Repeat the data exactly. Pictures are not part of the copy.

Given material —
□ □ □ □
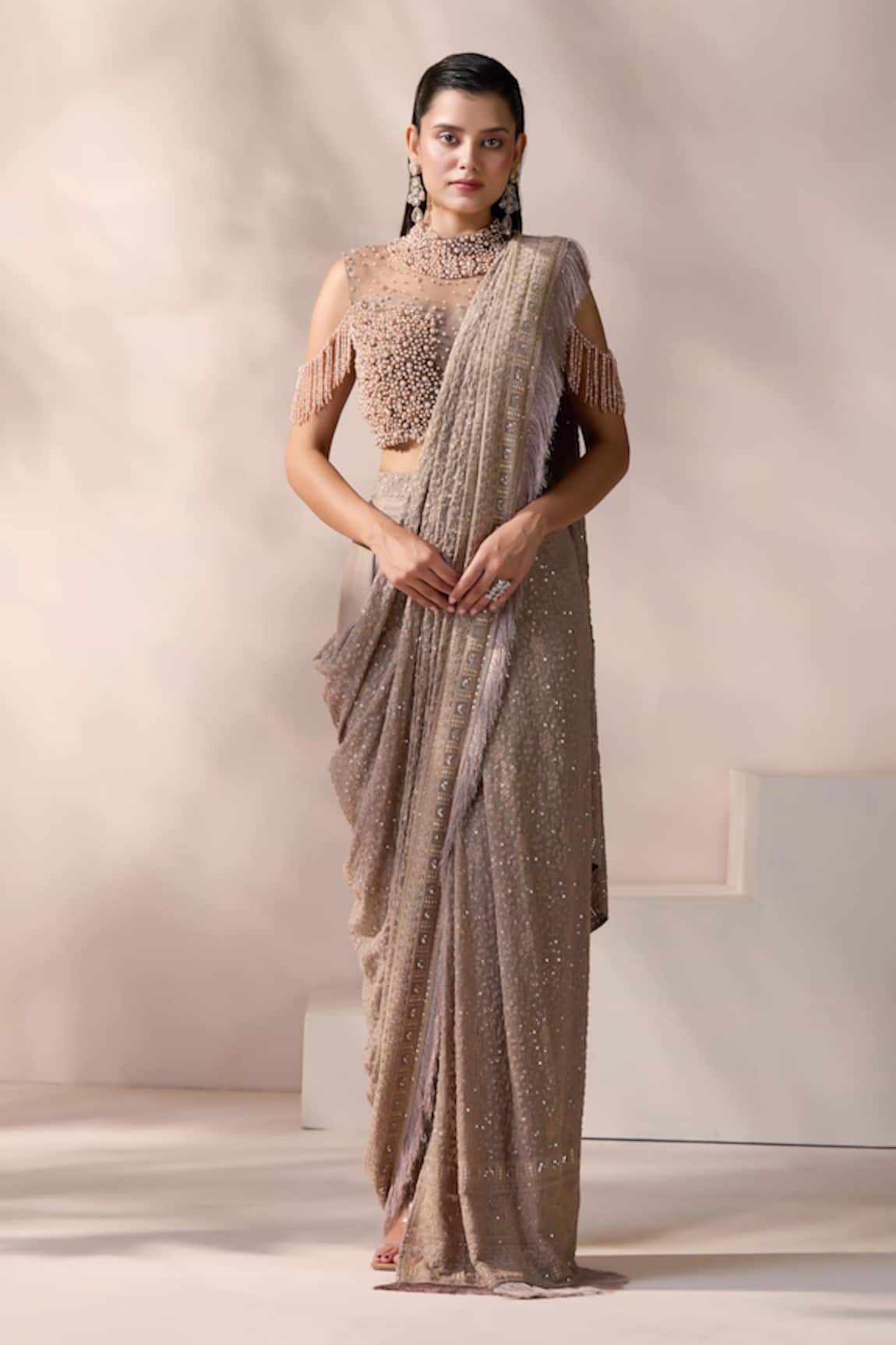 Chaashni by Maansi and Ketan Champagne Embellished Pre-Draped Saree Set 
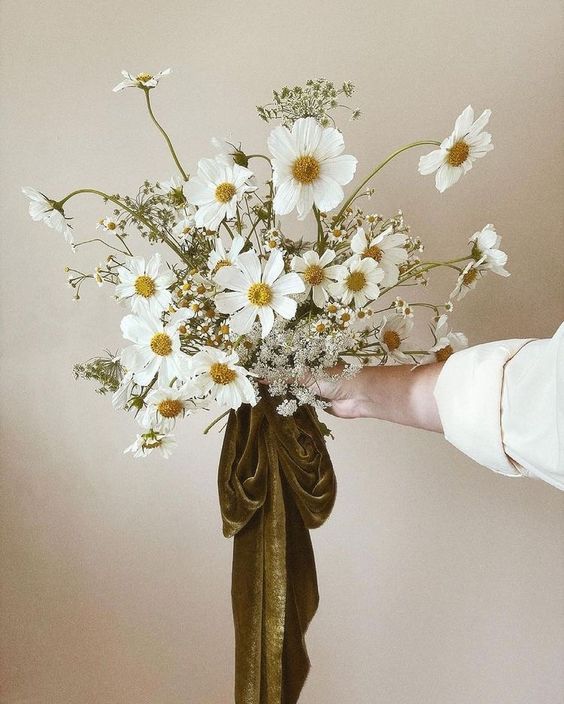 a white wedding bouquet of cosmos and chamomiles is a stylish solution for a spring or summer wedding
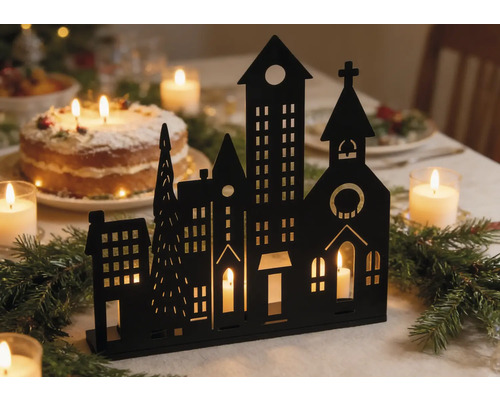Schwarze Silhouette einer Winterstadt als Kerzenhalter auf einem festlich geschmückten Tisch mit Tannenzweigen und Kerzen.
□ □ □ □
Solved problem —
 Chaashni by Maansi and Ketan Champagne Embellished Pre-Draped Saree Set 
 a white wedding bouquet of cosmos and chamomiles is a stylish solution for a spring or summer wedding
Schwarze Silhouette einer Winterstadt als Kerzenhalter auf einem festlich geschmückten Tisch mit Tannenzweigen und Kerzen.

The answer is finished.